Edward Lee, the owner of 610 Magnolia, said the restaurant scene in Louisville and across the country is male dominated. So he's stirring up the industry by starting a mentorship program to encourage more women to become chefs.

“Up until the fall of last year, I wasn't aware of how rampant this problem was, and I'm learning too,” he said. “My eyes have been opened, and I feel terrible. It's awful that it's happening in the industry that I love.”

That inequality is something the general manager at 610 Magnolia, Lindsey Ofcacek, has been fighting for a long time. It was almost enough to drive her to quit the industry all together.

“I did experience [harassment] in the infancy of my career,” Ofcacek said. “Part of that led to me not wanting to have this as a long-term career. One thing that changed for me was around 10 years ago. I started working in restaurants that had a lot of women in leadership positions, and it was night and day. I didn't experience harassment.
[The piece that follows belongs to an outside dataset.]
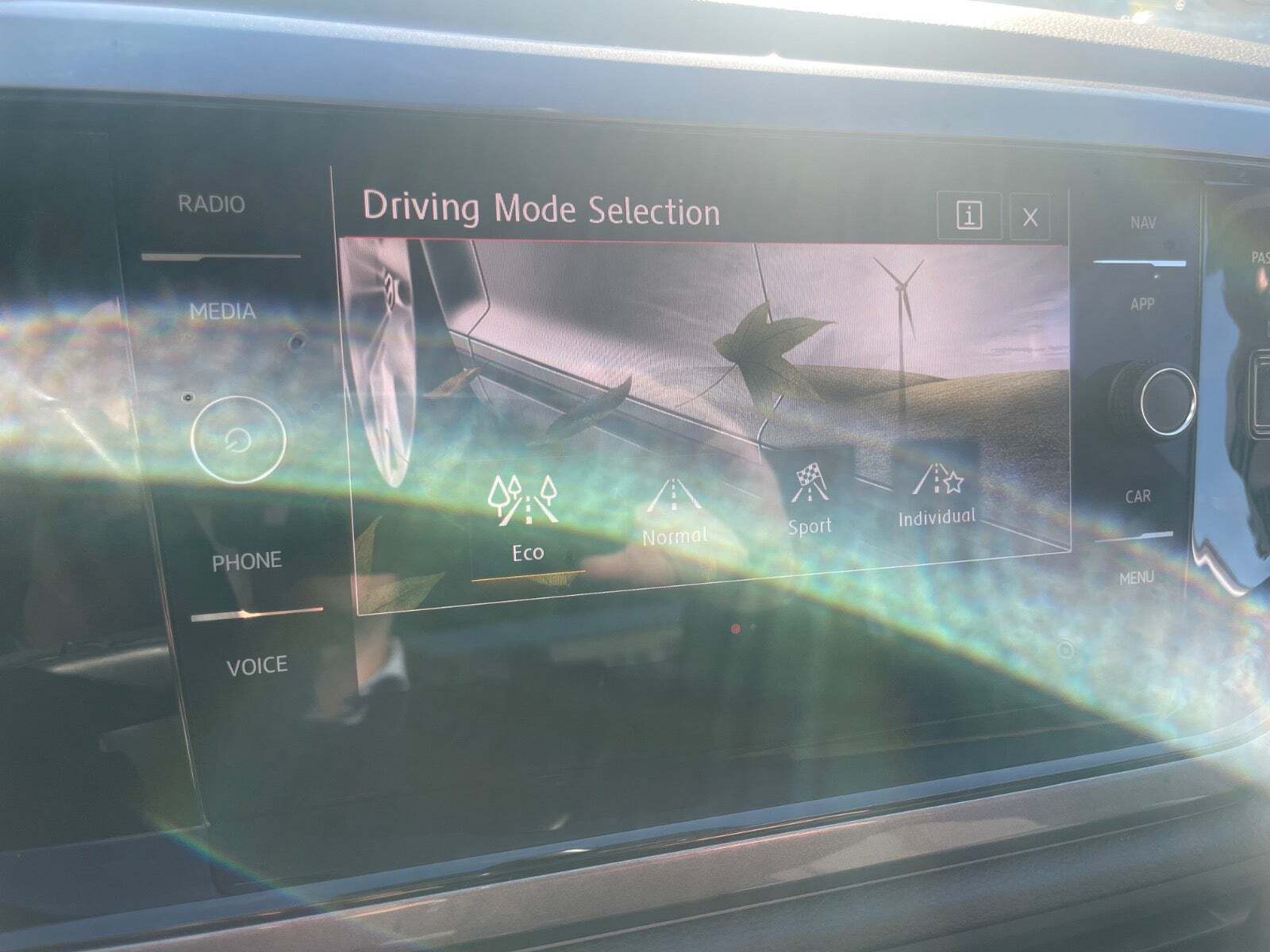 Sølv VW Polo fra 2019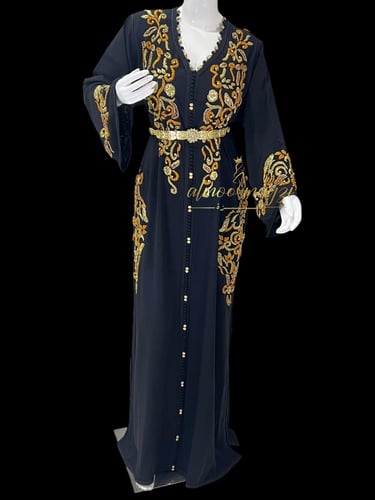 قفطان المميزة بالشك والتطريز اليدوي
There was a lot of equality”

In a heartfelt Instagram post, Lee wrote that Ofcacek is helping him start the Lee Initiative to help five young women who work in Kentucky find mentorship in hopes they will enter positions of power and bring more equality into kitchens.

“They will do a mentorship program where they will mentor with a notable restaurant group all across America,” Lee said. “We have some incredible female chefs lined up all the way from Portland to Asheville to Atlanta.”

The program lasts for one year and applications are due Feb. 10. They will also train with Lee and get a chance to cook at the James Beard Foundation.

“It is everyone's dream to cook at the James Beard house, and were giving them an opportunity to get them there,” Lee said. 

Lee added that it's a problem that won't get solved overnight, but he's hoping this next generation of female chefs will help.